The truth is, you are going to have to redefine yourself. You’ll have to learn to think differently about your parents. You don’t have to cut them off, necessarily, unless you want to, but you’ll need to set emotional limits. You’ll need to find a mental state where you can say, ‘‘I love my parents, but their happiness is not my responsibility.’’ Which is what it comes down to, you know. The feeling that you are in some way responsible, or that you owe them, is what keeps this miserable cycle going in the first place.

Really? She’s his only child. I don’t think that’s masochism.

Wow. I cannot even begin to thank all of the posters here for the time that you have all taken to read my post and provide such thoughtful and thought-provoking replies.
Thank you all so much. It was amazing how much better that I felt just typing the whole thing out and sharing my feelings with other folk. And then, to have my feelings
validated, to HEAR that I wasn’t alone or bad for having those feelings, even more
catharsis.

There was a tremendous amount of great advice in your posts and already, the past few days, I have felt much more strength in myself talking with him. All of your posts helped me to realize a lot about my relationship with him and my mom and why they did the things that they did. It is still a sad shame that so much importance was placed on the wrong things and I guess I mourn that more than anything. And the thing is, had I even realized some of these things and spoke up, they wouldn’t have changed.

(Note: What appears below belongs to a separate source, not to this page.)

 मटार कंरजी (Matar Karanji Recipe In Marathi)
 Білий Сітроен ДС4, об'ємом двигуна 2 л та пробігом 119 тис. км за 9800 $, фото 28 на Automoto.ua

Oh and GamerUnknown, the hobby that took so much of their time, attention and money resources was antique collecting. I grew up at every manner of flea market, antique show, shop, auction, yard sale etc. I was never allowed to participate in any youth activities that I wanted like sports or scouting or band because they didn’t have time to ferry me around despite having two brand new cars and my mother not technically working. Also, they wouldn’t pay for anything as that would take away from their antique funds so even though I desperately wanted to join band, for instance, $50 for a flute was out of the question.

It’s all water under the bridge now but still infuriating.

But, again, thank you all and I wanted to write back in to let you know that I really read each reply, some made me cry, some stiffened my backbone and all were helpful to me. That you all would take the time–some of it quite substantial–to help make me feel better and provide support is phenomenal to me. Bless you all and I hope to pay it forward when I can.